▶ [ABOUT THIS TASK]: The full text of the records below, minus any pictures, should be given back word for word.

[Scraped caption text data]
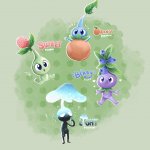 Pikmin Concept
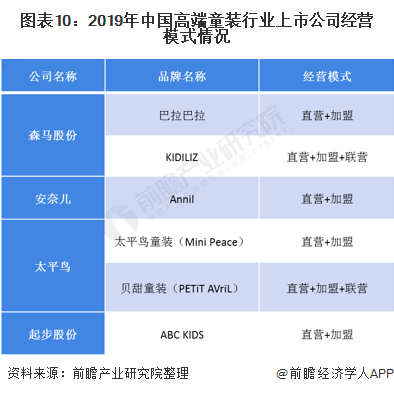 乐鱼电竞十张图通晓2020年中邦高端童装行业墟市近况及繁荣前景明白 小童装增速更大(图10)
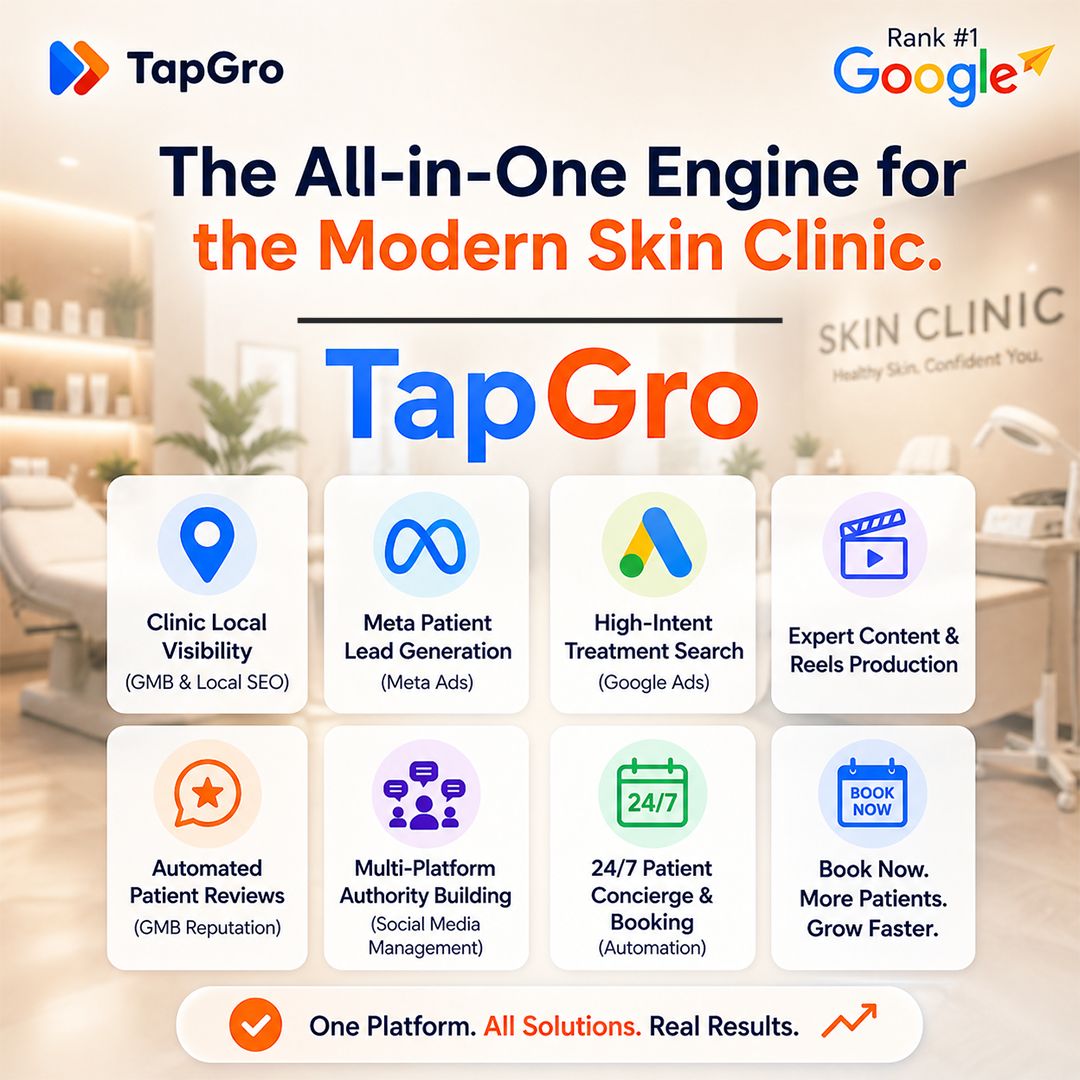 TapGro Facebook ad: The All-in-One Growth Engine for Skin Clinics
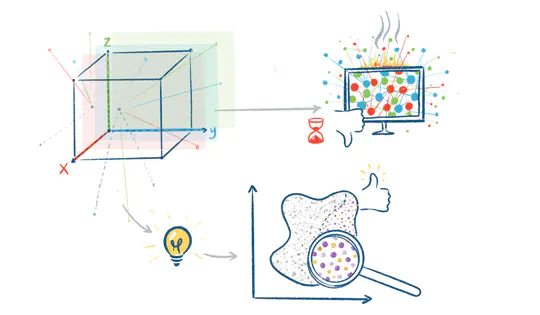 Numerical simulation methods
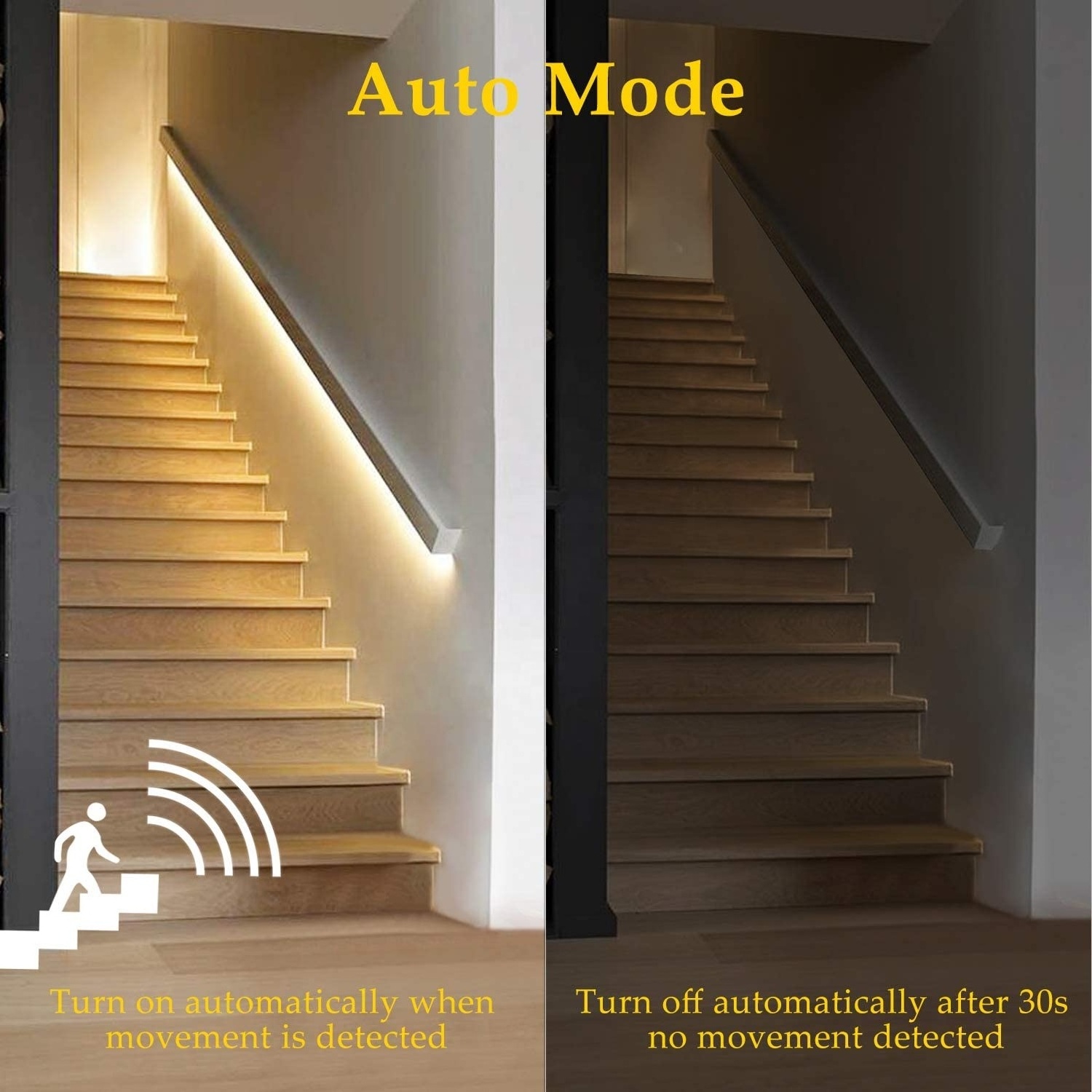 Battery Powered Motion Activated Led Light Strip Rechargeable Closet Staircase Pantry Kitchen Lighting Stair Lights Indoor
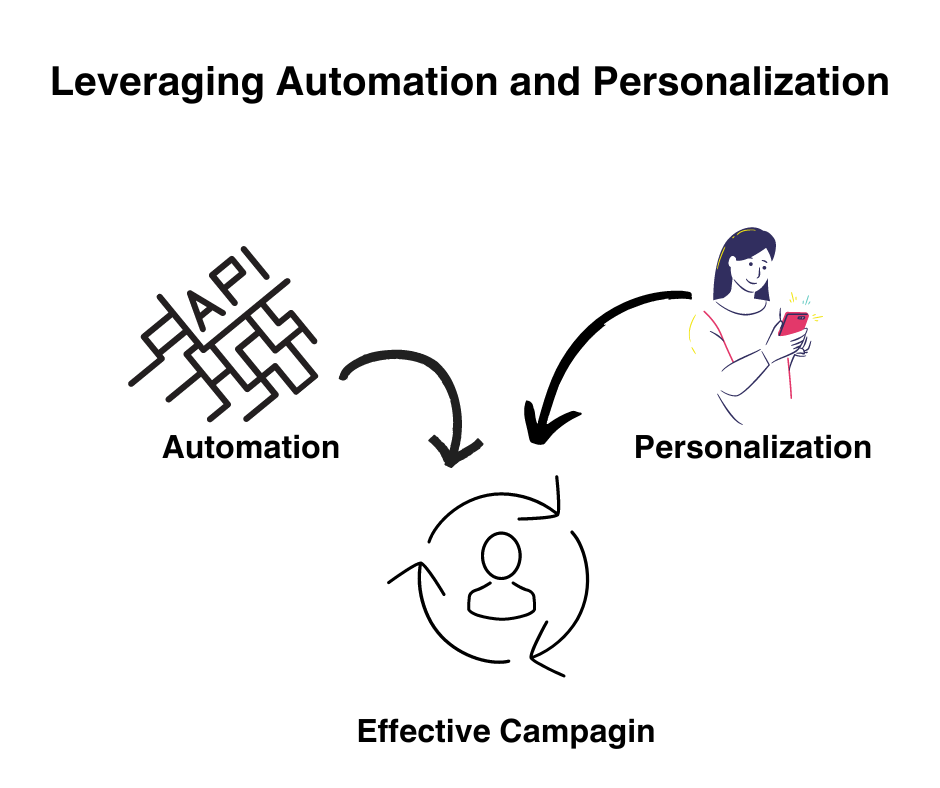 Leveraging Automation and Personalization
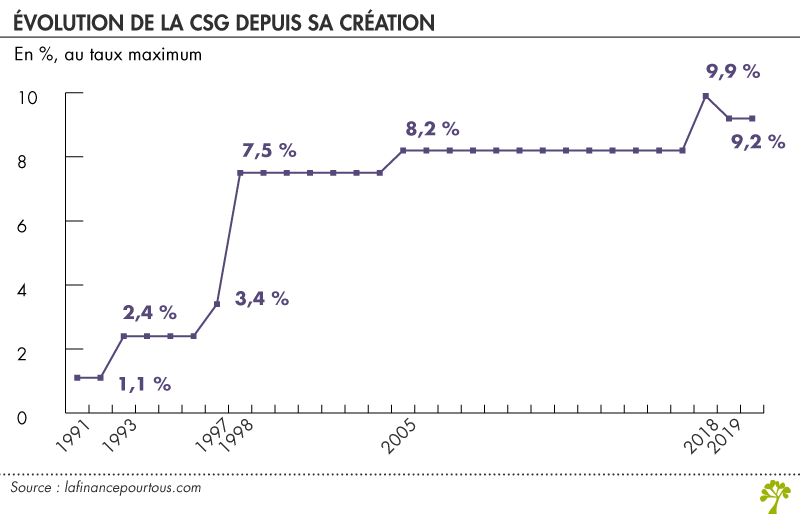 graphique des taux de csg et crds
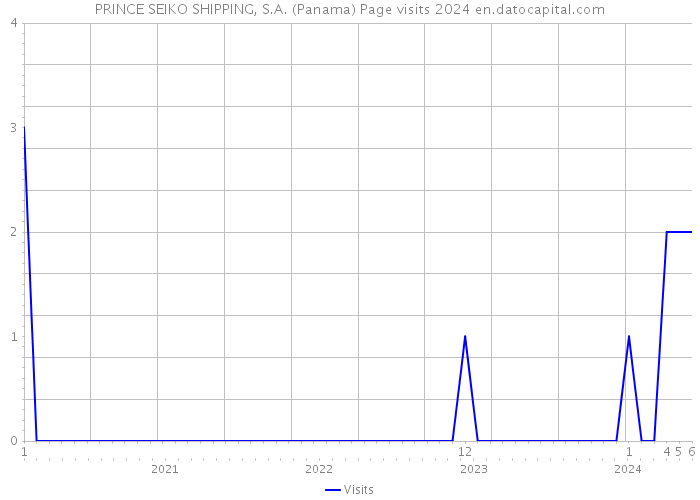 PRINCE SEIKO SHIPPING, S.A. (Panama) Page visits 2024 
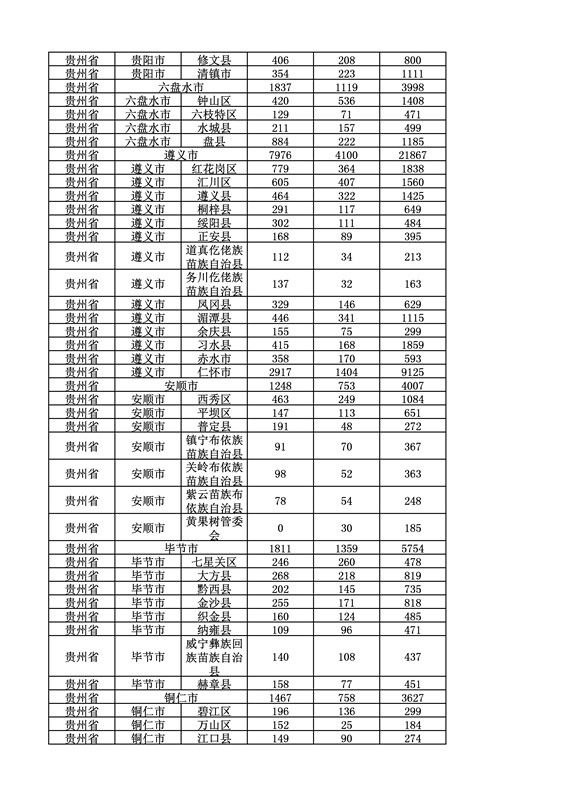 2016年度各省、自治區(qū)、直轄市商標(biāo)申請與注冊統(tǒng)計表（附：統(tǒng)計詳表）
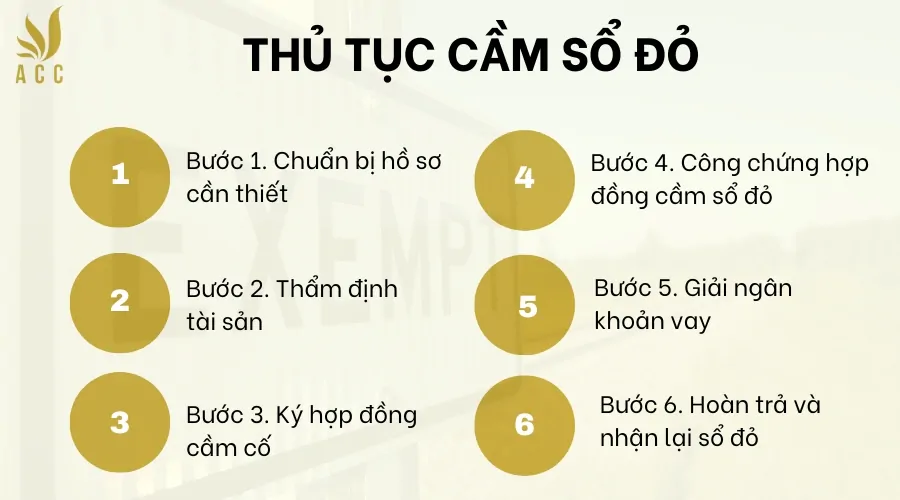 Thủ tục cầm sổ đỏ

▶ [FINISHED EXERCISE]:
 Pikmin Concept
 乐鱼电竞十张图通晓2020年中邦高端童装行业墟市近况及繁荣前景明白 小童装增速更大(图10)
 TapGro Facebook ad: The All-in-One Growth Engine for Skin Clinics
 Numerical simulation methods
 Battery Powered Motion Activated Led Light Strip Rechargeable Closet Staircase Pantry Kitchen Lighting Stair Lights Indoor
 Leveraging Automation and Personalization
 graphique des taux de csg et crds
 PRINCE SEIKO SHIPPING, S.A. (Panama) Page visits 2024 
 2016年度各省、自治區(qū)、直轄市商標(biāo)申請與注冊統(tǒng)計表（附：統(tǒng)計詳表）
 Thủ tục cầm sổ đỏ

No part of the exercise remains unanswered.